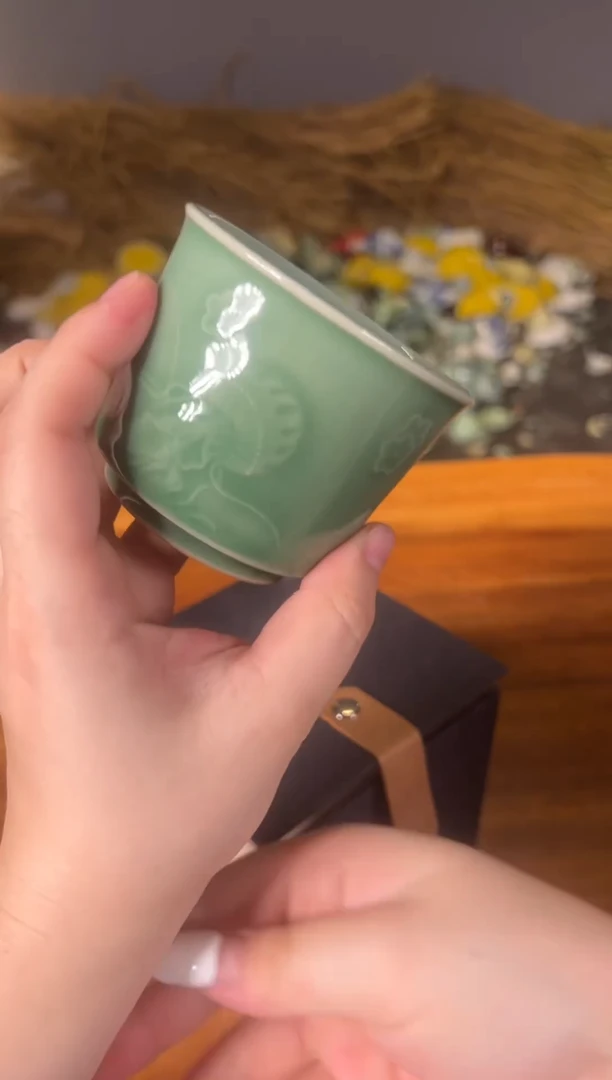 摆件编码0000296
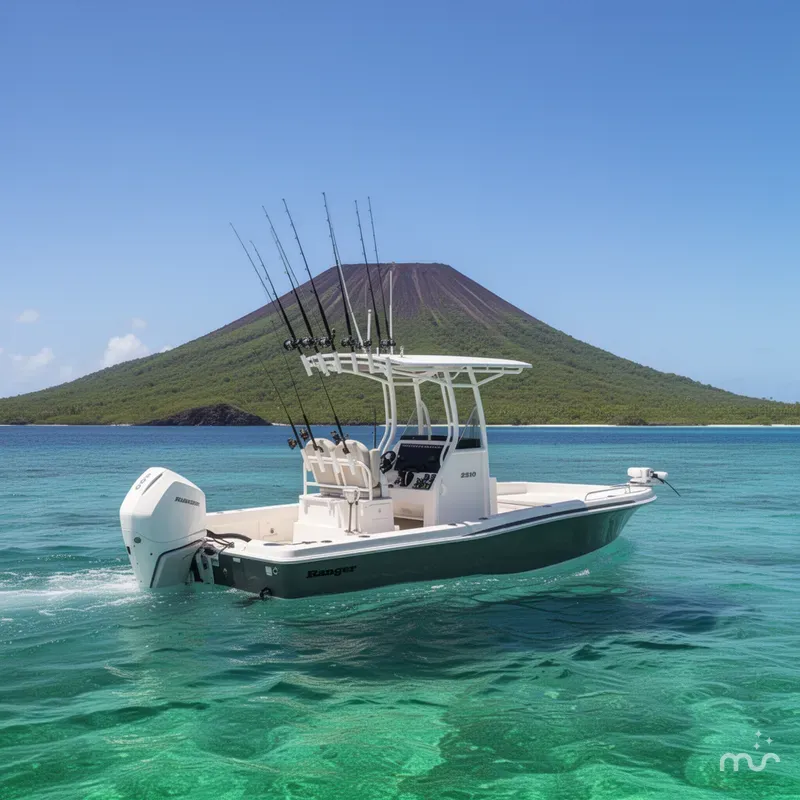 Slide: The Image of Ranger 2510 Bay 2025 - 4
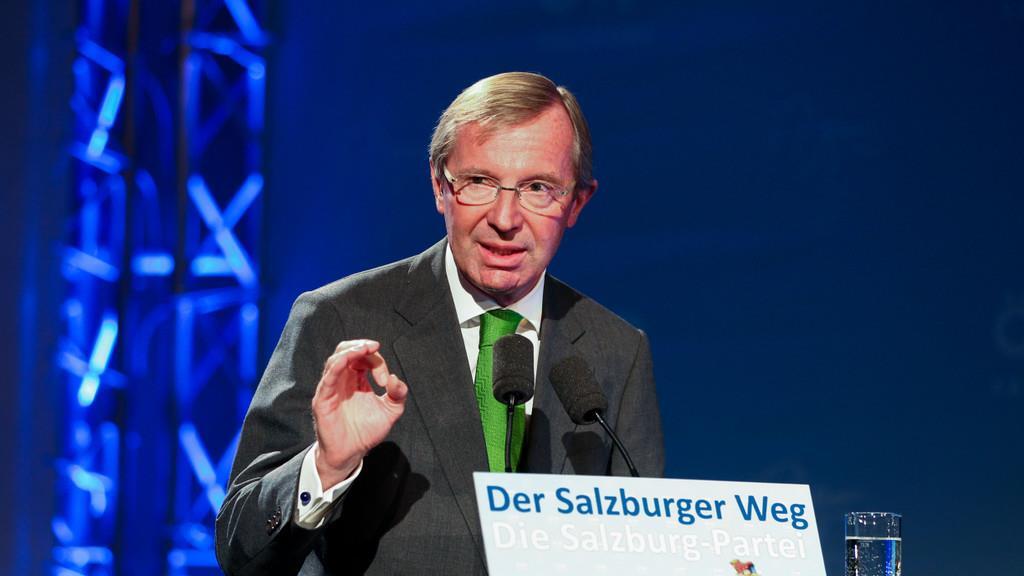 ÖVP-Landeskongress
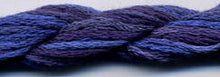 DKDY - Stranded Silk - 0085 - Fantasy Blues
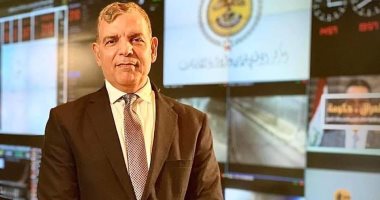 وزير صحة الأردن بعد خروجه من الحكومة: تشرفت بخدمة بلدى خاصة فى ظل جائحة عالمية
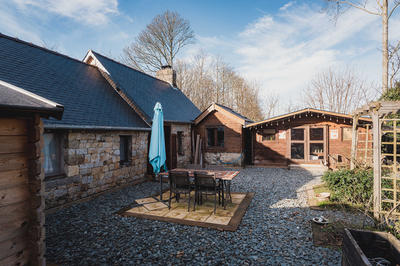 Maison - 70 m² - 4 pièces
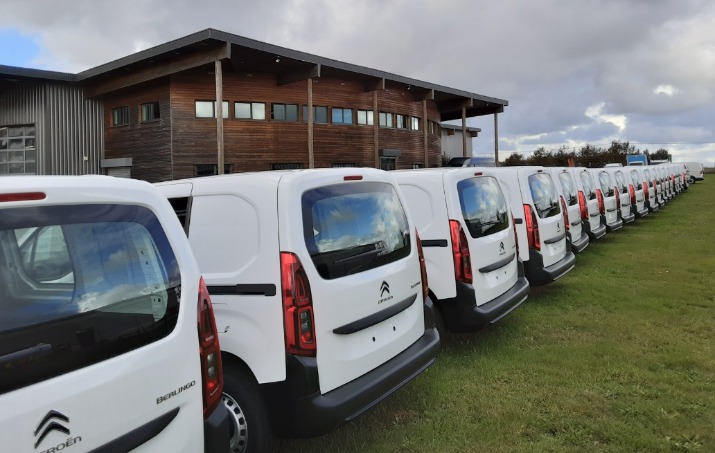 Normandie : L'entreprise EDSVI rachète Les Ateliers de la Tour d'Argent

# # # #

• Task directions: Pictures are not part of the copy. Restate everything else in the listing word for word.

• Response to the task:
 摆件编码0000296
 Slide: The Image of Ranger 2510 Bay 2025 - 4
 ÖVP-Landeskongress
 DKDY - Stranded Silk - 0085 - Fantasy Blues
 وزير صحة الأردن بعد خروجه من الحكومة: تشرفت بخدمة بلدى خاصة فى ظل جائحة عالمية
 Maison - 70 m² - 4 pièces
 Normandie : L'entreprise EDSVI rachète Les Ateliers de la Tour d'Argent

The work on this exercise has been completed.